BEGIN INFORMATION SUPPLIED
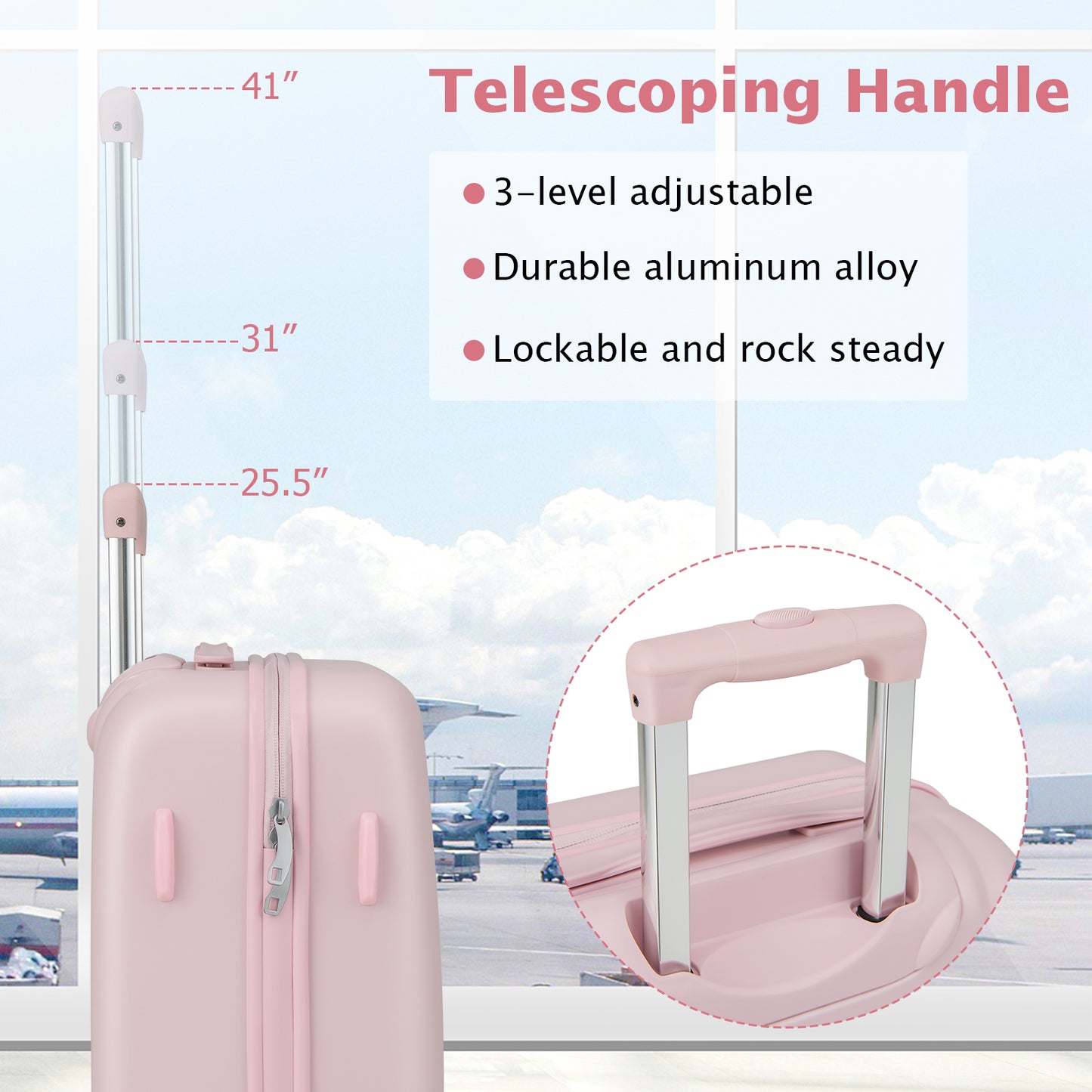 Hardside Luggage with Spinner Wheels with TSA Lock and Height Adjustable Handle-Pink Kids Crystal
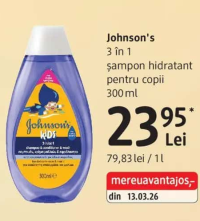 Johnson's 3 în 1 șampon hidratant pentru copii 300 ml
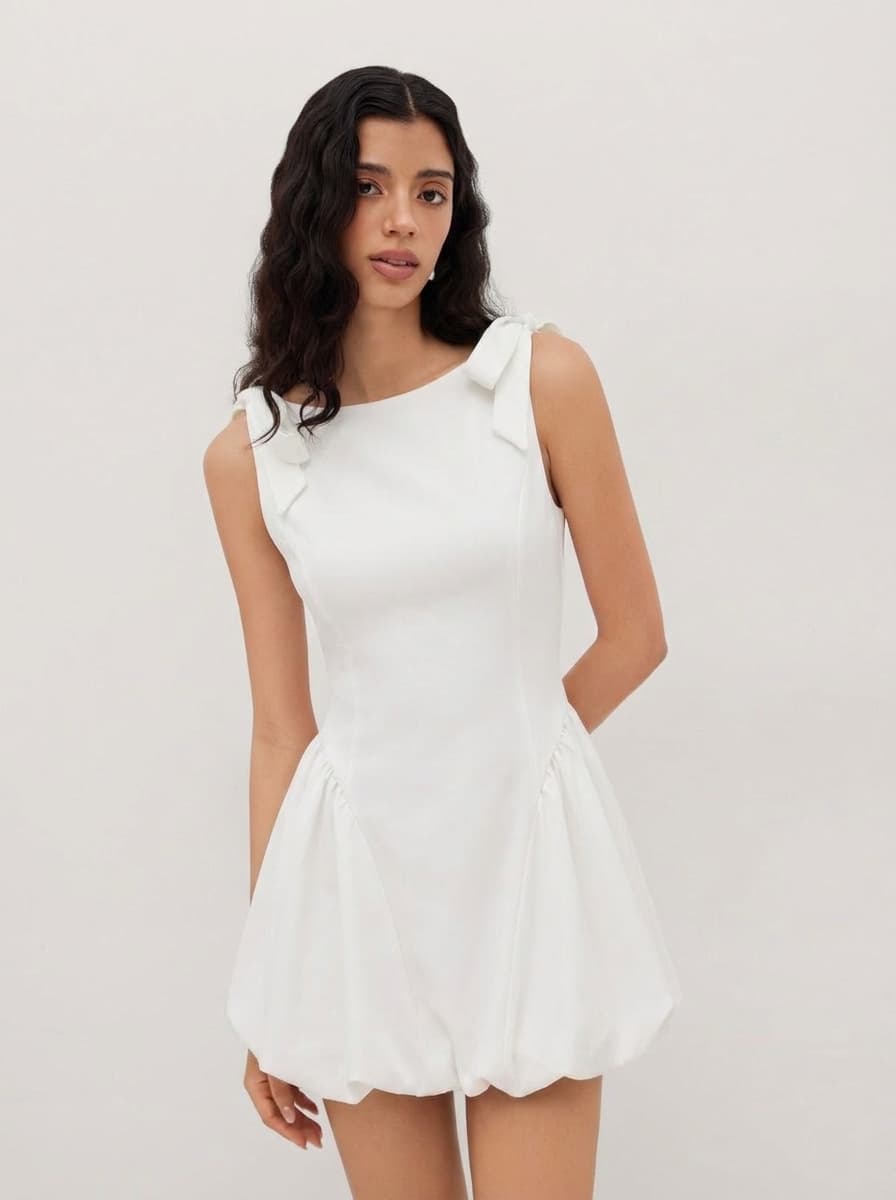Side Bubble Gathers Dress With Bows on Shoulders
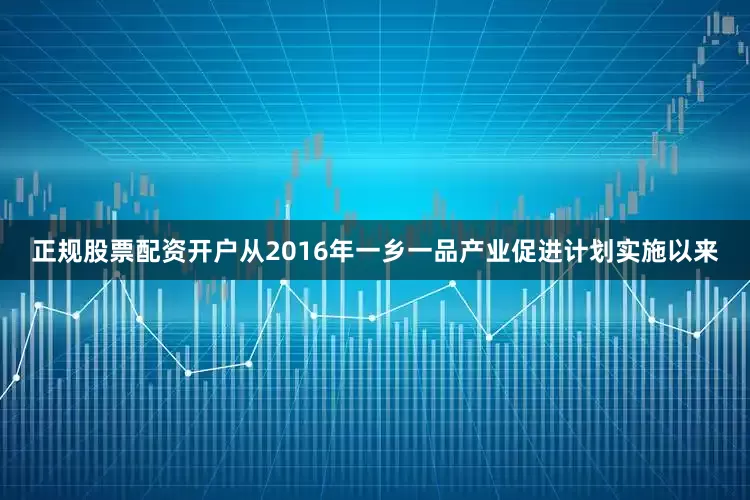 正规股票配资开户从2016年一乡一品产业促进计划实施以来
END INFORMATION SUPPLIED
> **BRIEF**
From the line containing "Johnson's 3 în" down to the last line of the data, print every line exactly and nothing else. Pictures stay out of the copy.

> **ANSWER TO THIS EXERCISE**
 Johnson's 3 în 1 șampon hidratant pentru copii 300 ml
Side Bubble Gathers Dress With Bows on Shoulders
 正规股票配资开户从2016年一乡一品产业促进计划实施以来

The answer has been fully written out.